It's kind of like the tale about the guitar shop in Asbury Park that advertised the Gibson Les Paul as "the guitar Bruce Springsteen uses!" back in the early 1970s. The story goes that some kid traded his Esquire/Tele frankenguitar for a Les Paul so he could be like Bruce; then, the Boss himself swapped his Les Paul for the Esquire, which he still uses today. (Yeah, that one.)

Let there be light

This creative fellow found a use for all his old CDs. (Hope it illuminates his Star Wars poster adequately!)

Found via TechEBlog's Top 10 Strangest Home Gadgets. I like the Pong clock too.

Thursday, April 20, 2006

Logjammin'

Let me get this straight:

∙You're a theater located on Haight Street.
∙You're showing The Big Lebowski.
∙It's going to be screened at 4:20 on 4/20.
∙There's a "munchies" reference in your blurb.

What is that, an Eastern thing? (Far from it.)

The Dude abides. But I won't be there.

Wheeling and dealing

You know it's baseball season when the Onion has a trifecta like this:

∙The Cubs' season hopes, um, "hinging" on Mark Prior's right arm
∙Pedro Martinez talking to whales
∙Barry Zito seeking a spiritual upgrade

There's this too.


FMFM: Mingus's audacious Oh Yeah, a freewheeling session where it seems he could do whatever he wanted. This one's a grand slam -- clamorous and on the verge of clutter, as always, but probably the most fun he ever had in the studio.

Wednesday, April 19, 2006

Terminated

I can't help thinking Jeffrey Mount is overstating the case a little bit when he compares Sacramento's flood potential to that of New Orleans. But I certainly do believe him when he says the city and surrounding region are protected by vulnerable levees, and it's not surprising he was Terminated when he made a stink about it.

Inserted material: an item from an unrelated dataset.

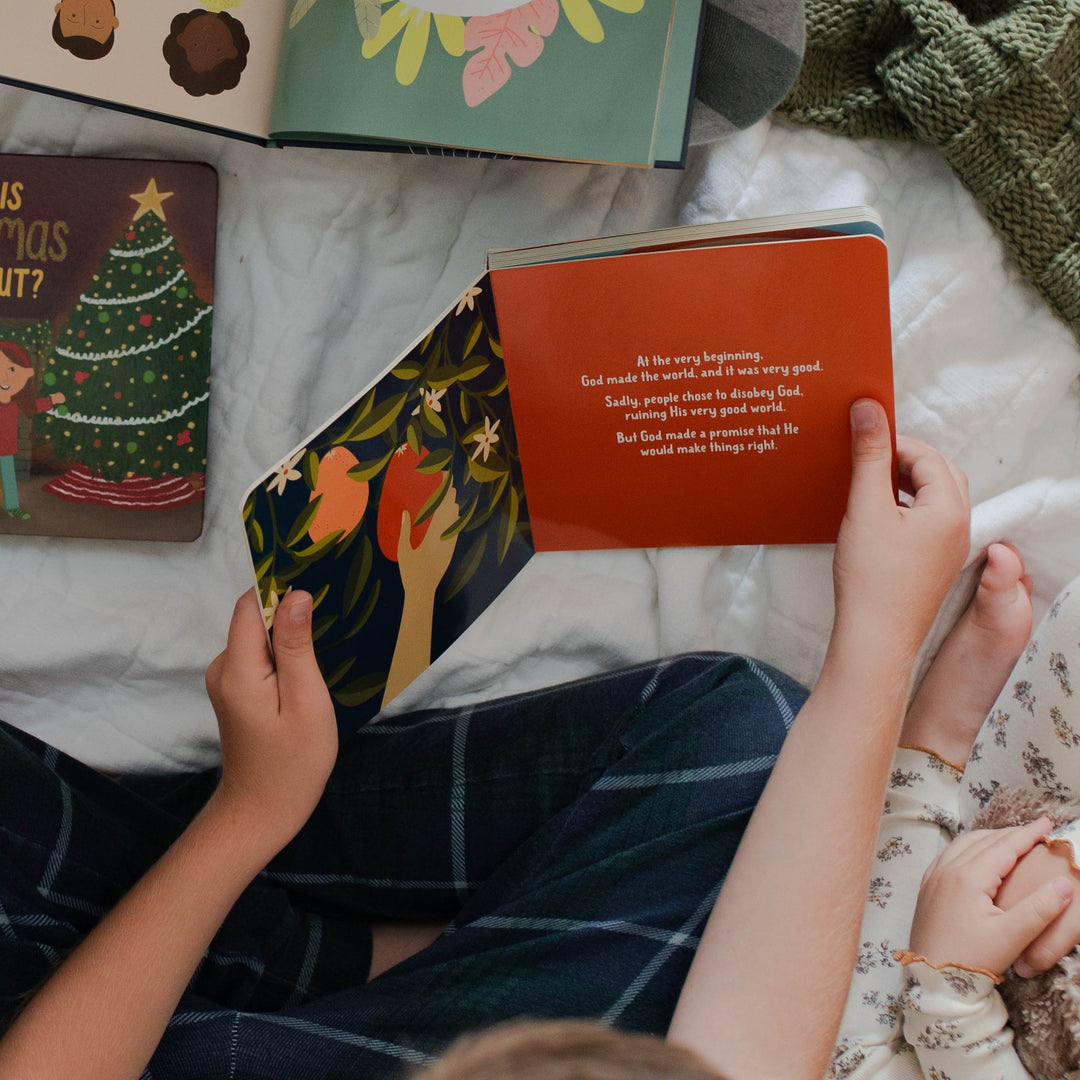 Kids in pajamas reading The Promised One Christmas board book for kids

Related: Here we are, a century and a day after my city was destroyed by an earthquake, and most people still don't have canned food, batteries and bottled water lying around. They could put it on the front page of the newspaper every single day and people still wouldn't believe it could happen again. WTF?

Sunday, April 16, 2006

Disciples of the 3-way

Back to back to back, on three consecutive pitches. You can add Saturday's game to my list.


FMFM: Ready for Freddie, which I'm starting to think I enjoy more than anything else in Hubbard's career.

Friday, April 14, 2006

Chin music

Another one for those of you who love rock'n'roll as much as you love baseball.

The closer songs of the early '90s tended to mix a cranky bravado with the threat of mental instability—don't mess with me, I'm so mean and crazy. The more recent crop ditches the crankiness in favor of all-out psychopathy. Today's closer isn't just baaaad, he's a cold-blooded murderer.


FMFM: More TV. The star of the San Francisco Old Waldorf 6-29-78 show is bassist Fred Smith, with a sound that's slippery yet authoritative. He's very loud in the mix and still sounds good, which any bass player will tell you isn't easy to do.

And Richie -- Richie said, "Hey, man, let's dress up like cops. Think of what we could get away with!"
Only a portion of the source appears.